A pobreza e a ausência de perspectivas de emprego na Tunísia levam frequentemente os habitantes locais a partir para uma nova vida na Europa. Outros migrantes, contudo, chegam às costas da Tunísia vindos de outras partes do mundo, especialmente de áreas empobrecidas e assoladas por conflitos da África Subsariana.

Tanto a Tunísia como a vizinha Líbia são pontos de partida importantes para quem pretende viajar irregularmente de barco para a Europa. No entanto, apesar da sua popularidade, a rota migratória é também uma das mais mortíferas do mundo.

Segundo a Organização Internacional para as Migrações (OIM), 2.498 sabe-se que os migrantes e os requerentes de asilo têm se afogou durante a travessia o Mar Mediterrâneo central em 2023. O verdadeiro número é provável muito mais alto.

Nos primeiros 11 meses de 2023, a Guarda Nacional da Tunísia interceptou quase 70 mil migrantes irregulares e requerentes de asilo. Destes, 77,5 por cento viajaram de toda a África para a Tunísia. O restante veio da própria Tunísia.

Migrantes e requerentes de asilo, alguns dos quais ainda usam coletes salva-vidas laranja, sentam-se caídos no meio-fio da cidade de Ben Gardane.  Atrás deles há uma parede branca com uma porta azul.
Migrantes e requerentes de asilo descansam na cidade portuária de Ben Gardane, na Tunísia, após serem resgatados das águas do Mediterrâneo pela marinha tunisina em 7 de julho de 2021 (Arquivo: Hamadi Sehli/AP Photo)

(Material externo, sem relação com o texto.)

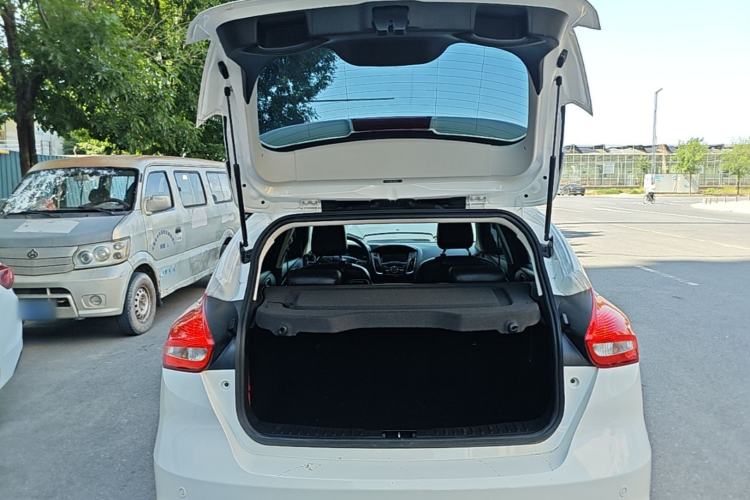 Used Ford Focus 2017 Hatchback 1.6L Automatic Fashion Edition Smart Drive Version Trunk
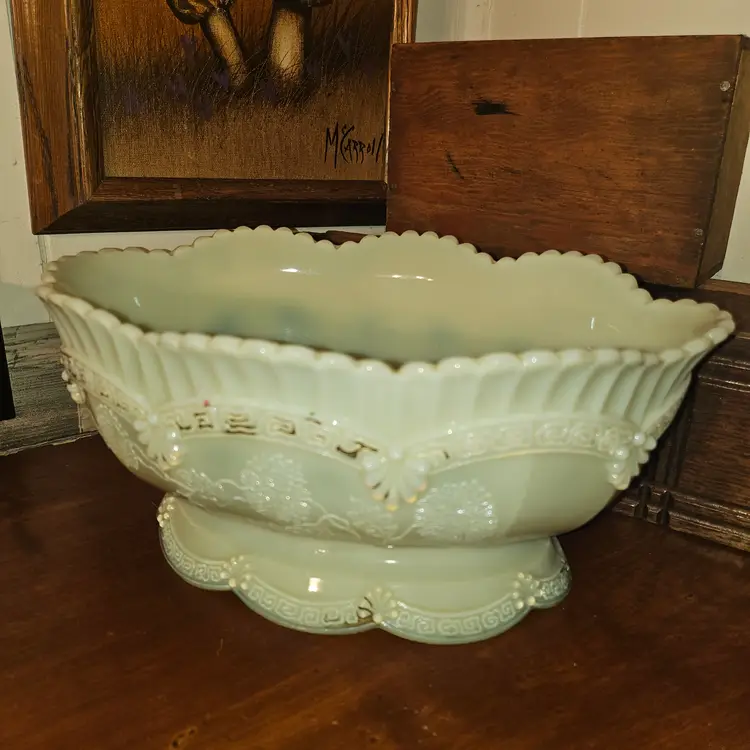Antique Chrysanthemum Sprig Custard Glass Bowl Northwood Pagoda Large Berry EAPG *365nm best glow*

Ali Jlaiel, de El Hencha, era um passageiro tão típico quanto qualquer outro. Seu irmão Mohammed descreveu o desaparecido de 25 anos como alguém que lutou para se estabelecer depois de uma série de empregos de baixos salários, nenhum dos quais durou muito tempo.

“Ele se sentiu encurralado”, disse Mohammed Jlaiel. “Ele não tinha esperança de um bom futuro.”

O último trabalho de Ali foi como segurança noturno no Mall of Sfax. Mas mesmo com um salário estável, o seu orçamento mal cobria as despesas, explicou Mohammed.

“Ele recebia 600 dinares (US$ 193) de salário (por mês). Dez dinares (3 dólares) seriam gastos no transporte diário de Hencha para Sfax. Acrescente a isso o custo dos cigarros e do café. Nada sobraria. É deprimente.”

“Não há nada em Hencha. E ele não é um caso especial. O barco estava cheio de nossos vizinhos. Até crianças de 13 e 14 anos”, disse ele. “Todos eles não encontraram nenhuma chance aqui.”